- **Exercise brief**:
State how many lines in these records contain the word "Chapter", and nothing else.
----
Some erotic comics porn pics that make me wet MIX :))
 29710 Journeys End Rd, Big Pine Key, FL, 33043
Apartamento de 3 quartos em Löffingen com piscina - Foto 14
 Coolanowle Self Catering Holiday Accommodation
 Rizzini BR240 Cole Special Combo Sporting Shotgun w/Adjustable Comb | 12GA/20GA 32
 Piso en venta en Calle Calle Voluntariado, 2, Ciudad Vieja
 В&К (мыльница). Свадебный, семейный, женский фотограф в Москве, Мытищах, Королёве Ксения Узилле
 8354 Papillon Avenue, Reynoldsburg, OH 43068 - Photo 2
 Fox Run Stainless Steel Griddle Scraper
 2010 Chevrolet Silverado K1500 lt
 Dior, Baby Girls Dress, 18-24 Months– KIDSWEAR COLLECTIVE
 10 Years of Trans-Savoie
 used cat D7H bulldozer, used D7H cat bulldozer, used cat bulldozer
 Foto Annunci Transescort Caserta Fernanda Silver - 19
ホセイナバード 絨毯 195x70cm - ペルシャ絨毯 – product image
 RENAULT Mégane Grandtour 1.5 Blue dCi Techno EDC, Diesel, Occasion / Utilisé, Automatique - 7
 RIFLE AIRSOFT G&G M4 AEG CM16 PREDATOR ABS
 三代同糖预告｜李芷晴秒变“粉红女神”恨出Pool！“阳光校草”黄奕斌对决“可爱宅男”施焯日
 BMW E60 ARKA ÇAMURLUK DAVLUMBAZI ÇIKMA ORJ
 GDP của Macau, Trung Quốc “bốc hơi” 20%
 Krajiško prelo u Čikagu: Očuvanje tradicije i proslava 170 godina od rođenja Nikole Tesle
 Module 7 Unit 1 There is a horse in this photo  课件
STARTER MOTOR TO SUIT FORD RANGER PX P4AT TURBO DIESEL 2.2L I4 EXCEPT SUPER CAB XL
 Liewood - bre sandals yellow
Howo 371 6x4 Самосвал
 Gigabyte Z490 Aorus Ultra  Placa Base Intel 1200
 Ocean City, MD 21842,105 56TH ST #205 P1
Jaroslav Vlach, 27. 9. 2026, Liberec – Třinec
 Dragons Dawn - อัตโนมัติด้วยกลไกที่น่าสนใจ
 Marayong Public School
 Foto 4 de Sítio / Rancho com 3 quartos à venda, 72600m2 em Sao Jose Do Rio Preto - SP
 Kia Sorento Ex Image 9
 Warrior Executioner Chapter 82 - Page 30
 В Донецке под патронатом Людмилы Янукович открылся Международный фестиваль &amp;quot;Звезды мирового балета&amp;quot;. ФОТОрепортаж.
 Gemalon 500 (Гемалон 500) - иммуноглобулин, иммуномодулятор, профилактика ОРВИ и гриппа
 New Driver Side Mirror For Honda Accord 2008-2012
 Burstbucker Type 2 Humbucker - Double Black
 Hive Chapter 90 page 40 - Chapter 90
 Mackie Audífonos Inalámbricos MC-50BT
----
- **Task solution**:
2